NEWARK — Governor-elect Phil Murphy joined Democratic members of New Jersey’s congressional delegation on Monday to criticize a Republican tax plan that could potentially eliminate the State and Local Tax Deduction, a change that they say would harm members of the middle class in high-tax states such as New Jersey while giving tax breaks to the wealthy and corporations.
“This is a devastating bill for New Jersey,” Murphy said. “This is an assault on the middle class. This is an assault on seniors. Even the so-called compromise … is like cutting your hand off versus half of your hand off. It is bad no matter how you slice it. It is a devastating blow.”
President Trump has pledged to cut taxes, and two of his advisers, daughter Ivanka Trump and Treasury Secretary Steven Mnuchin, were in New Jersey on Monday with Rep. Tom MacArthur (R-3) to discuss the plan.
The House tax bill would reduce corporate taxes and double the standard income tax deductions in addition to eliminating SALT. After it was first introduced, representatives from high-tax states like New Jersey said that a compromise was needed to create tax fairness for states that give more money to the federal government than they receive. Republicans who favor the bill say that associated costs would generate corporate growth and infuse more money into the economy.
The liberal think tank New Jersey Policy Perspective estimated that the SALT deductions currently benefit nearly 41 percent of New Jersey households and that New Jersey would be among the hardest-hit states in the country if the plan goes through.
The House will likely vote on the tax plan this week, and all but two members of New Jersey’s 12-member congressional delegation — MacArthur and Rep. Rodney Frelinghuysen (R-11) — have spoken out against it.
Reps. Bill Pascrell (D-9), Albio Sires (D-8), Donald Payne (D-10), Donald Norcross (D-1) and Frank Pallone (D-6) all joined Murphy on Monday to criticize the plan. The other two New Jersey Democrats in the House, Reps. Josh Gottheimer (D-5) and Bonnie Watson Coleman (D-12), have also spoken out against the proposal.
Reps. Leonard Lance (R-7), Chris Smith (R-4) Frank LoBiondo (R-2) have also said the bill would be harmful to New Jersey.
“We as Democrats believe in fairness,” Pallone said. “We believe that we should be helping the middle class. Don’t try to throw this scam down our throats. … This is based on this trickle-down theory that if you cut taxes for the very wealthy and for the international corporations somehow that is going to trickle down and help the economy.”
Pascrell, a member of the House Ways and Means Committee, said that the cuts that go along with the bill could kick the can down the road and lead to a potential reduction in federal services down the line.
“When they can’t pay for this bill, they are going to come after Social Security, Medicare and Medicaid,” Pascrell said of Republicans. “There should not be one representative from the state of New Jersey who would even consider this bill. And if they are, why don’t they move? Either to another state or, perhaps, they would like to be a citizen of Moscow.”

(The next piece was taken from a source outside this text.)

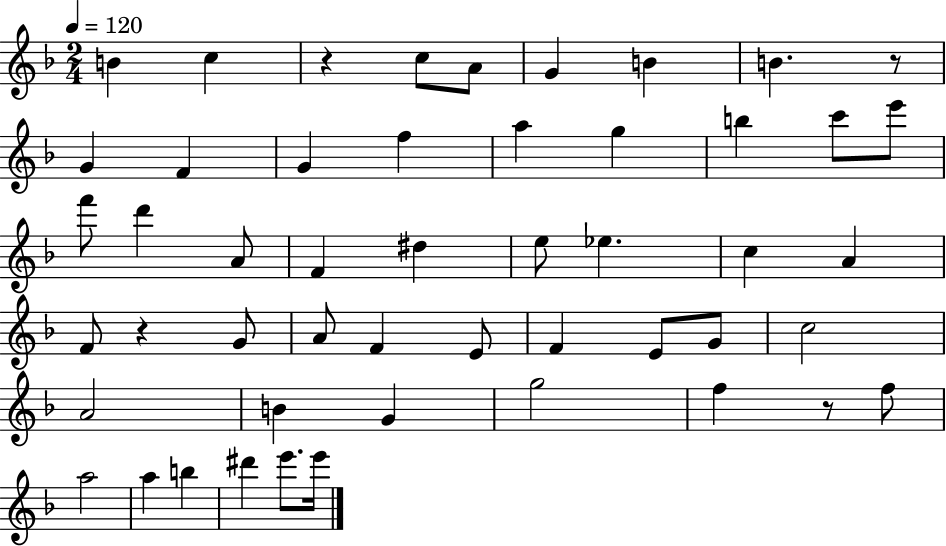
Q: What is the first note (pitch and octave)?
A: B4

While Democrats were in Newark railing against the tax plan, MacArthur and Gov. Chris Christie welcomed Mnuchin and Ivanka Trump to Ocean County to discuss the economic growth they believe the plan could bring to the United States. MacArthur has said he is working with other Republicans to preserve deductions for property taxes for New Jersey residents.
“I’ll vote yes, but I think our leadership in the House knows that if they come back to us with a bill that eliminates property tax, it won’t pass,” MacArthur said after the event, according to an Asbury Park Press report.
Democrats in New Jersey’s Republican-leaning districts have seized on MacArthur and Frelinghuysen’s stances on the tax plan.
“Instead of reforming our tax code to support the middle class, the Republican tax plan simply hikes taxes on New Jersey’s middle-class families in order to give huge tax cuts to big corporations and the ultra-wealthy,” said Mikie Sherill, a Democrat who is seeking to challenge Frelinghuysen in the 2018 midterms. “It also increases the tax rate on small businesses, the backbone of our economy, that generate two-thirds of new jobs across our nation.”
Andy Kim, who is seeking to challenge MacArthur, has said MacArthur is closely tied to Trump’s policies. Earlier this year, MacArthur was the primary architect of a failed bill that would have repealed and rewritten the Affordable Care Act.
“It has been quite a year for Tom MacArthur,” Kim said. “First, he sold out New Jersey families by writing a health care bill that would drastically raise premiums while cutting coverage, all to get a private fundraiser for President Trump. Now, he’s selling out middle-class families by signing onto a tax plan that will raise taxes for so many New Jersey residents, all to get a private invite-only event with Ivanka Trump.”